部活やジムで「喉が渇く前に飲め」と教わった人は多い。渇いてからでは遅い、と。だが運動中の水分補給を一次情報でたどると、話はもう少し慎重だ。量を増やせば安心、という単純な話ではないらしい。断定はしない。効果には個人差があります。

ボトルを手に飲むか迷う運動中の人のイラスト

「渇く前に飲む」は研究で裏づけられている?

一律に大量へ飲むことは、国際コンセンサスでは推奨されていない。

運動関連低ナトリウム血症(EAH)の第3回国際コンセンサス会議 声明 2015は、EAHの主因が発汗によるナトリウム喪失そのものではなく、運動中の過剰な水分摂取だと述べる。そして予防の基本を「喉の渇きに応じた飲水」に置き、一律の大量飲水を推奨しないと明記している。

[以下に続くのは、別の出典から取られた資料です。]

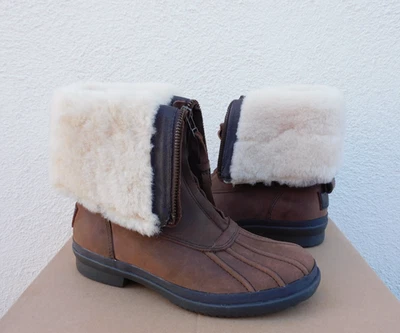 Botas de pato impermeables de cuero/lana UGG ARQUETTE STOUT, MUJER US 6/ EUR 37 ~ NUEVAS EN CAJA Foto 1 de 4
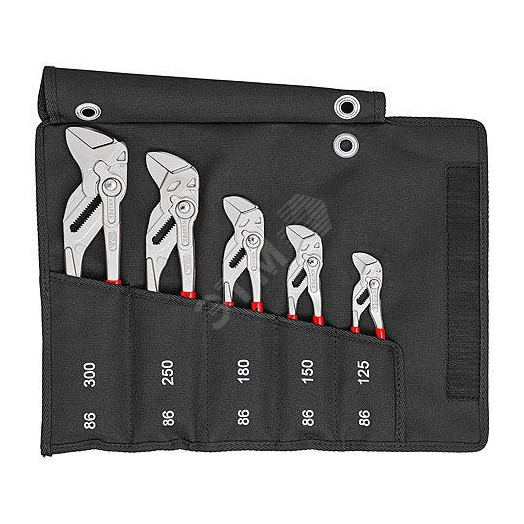 Набор переставныеавных клещей-гаечных ключей 86 03 XXX в чехле-скрутке из полиэстера 5 предметов L-125/150/180/250/300 мм Cr-V хромированные обливные рукоятки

つまり「渇く前にどんどん」は、状況によってはリスク側に振れうる。渇きは無視すべき敵ではない。体からの信号として、そのまま手がかりに使える。

どれくらい飲めばいい、という数字はある?

万人共通の「この量」は、研究側からは示せない。

Baker 2017(方法論レビュー)は、発汗速度と汗中ナトリウム濃度が、個人内でも個人間でも大きく変動し、測定方法によっても結果が変わると指摘する。だから「全員がコップ何杯」という単一の数値は、原理的に作れない。

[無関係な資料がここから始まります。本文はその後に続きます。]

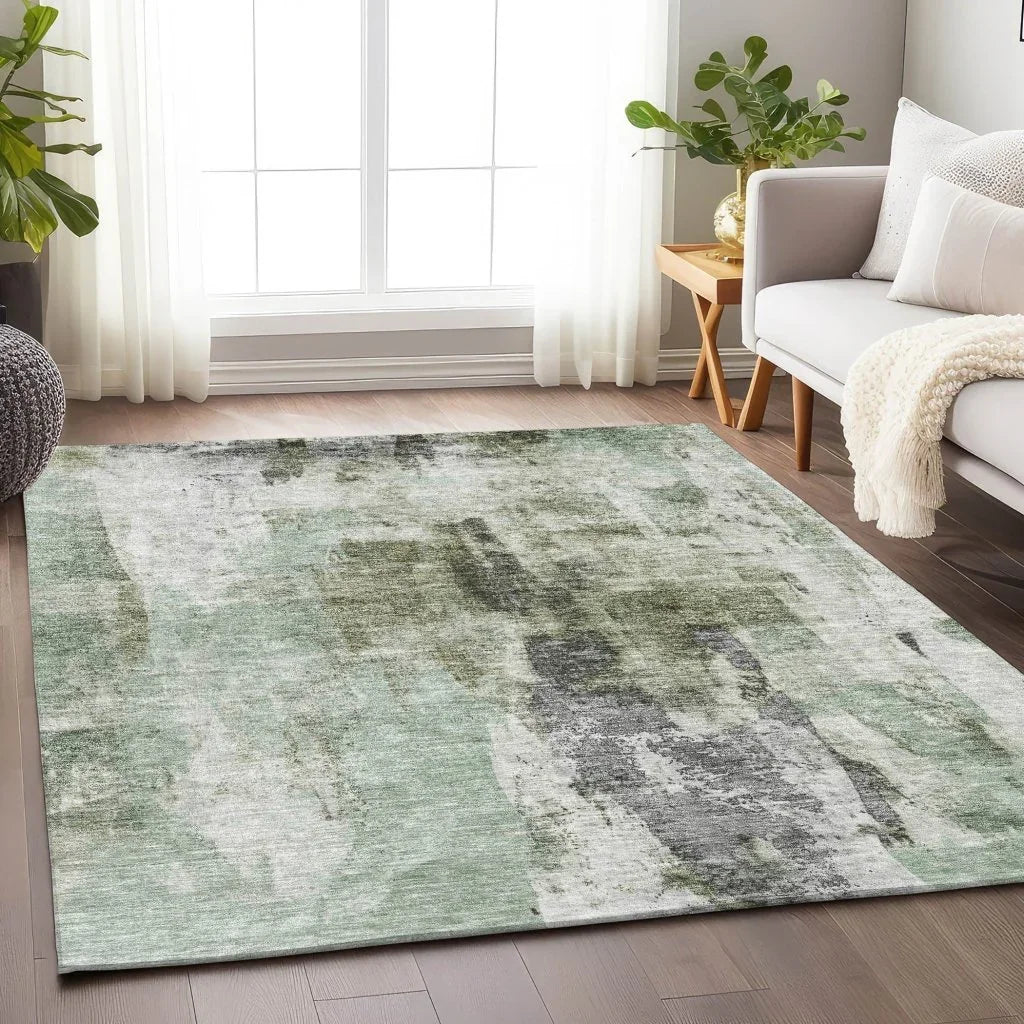 LOOMLAN Rugs Tundra Green Washable Indoor-Outdoor Rug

当社としても、ここで新しい推奨量を発明することはしない。数字が欲しくなる場面ほど、個人差が大きいという事実のほうが効いてくる。効果には個人差があります。

では現実には、どうすればいい?

渇きを手がかりにしつつ、暑さ・運動時間・発汗の多さで微調整する。

研究が言えるのは「一律の大量飲水を勧めない」「共通の数値はない」までだ。そこから先は、自分の条件に合わせる領域になる。長時間・高温・大量発汗なら必要量は上がるし、短時間の軽い運動なら渇きに応じるだけで足りることが多い。

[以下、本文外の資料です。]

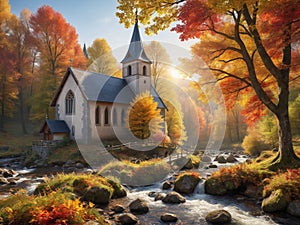 Beautiful little chuch in the edge of the forest surrounded by colorful autumn leaves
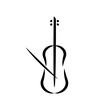 Double bass, contrabass. Vector line drawing. Hand drawn style.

持病がある人、水分やナトリウムの管理を医師から指示されている人は、その指示が優先する。これは医療上の助言ではない。迷ったら、量を盛るより主治医に確認するほうが早い。

今夜の一手: 明日の運動の「飲み方」を1つだけ決める

今日やるのは、量の計算ではない。

  1. 明日の運動時間と暑さを思い浮かべる(約10秒)
  2. 「渇きに応じて飲む/長時間だから少し多めに」のどちらか一方だけ決めておく

迷いを減らすと、体が出している信号に気づく余裕が戻ってくる。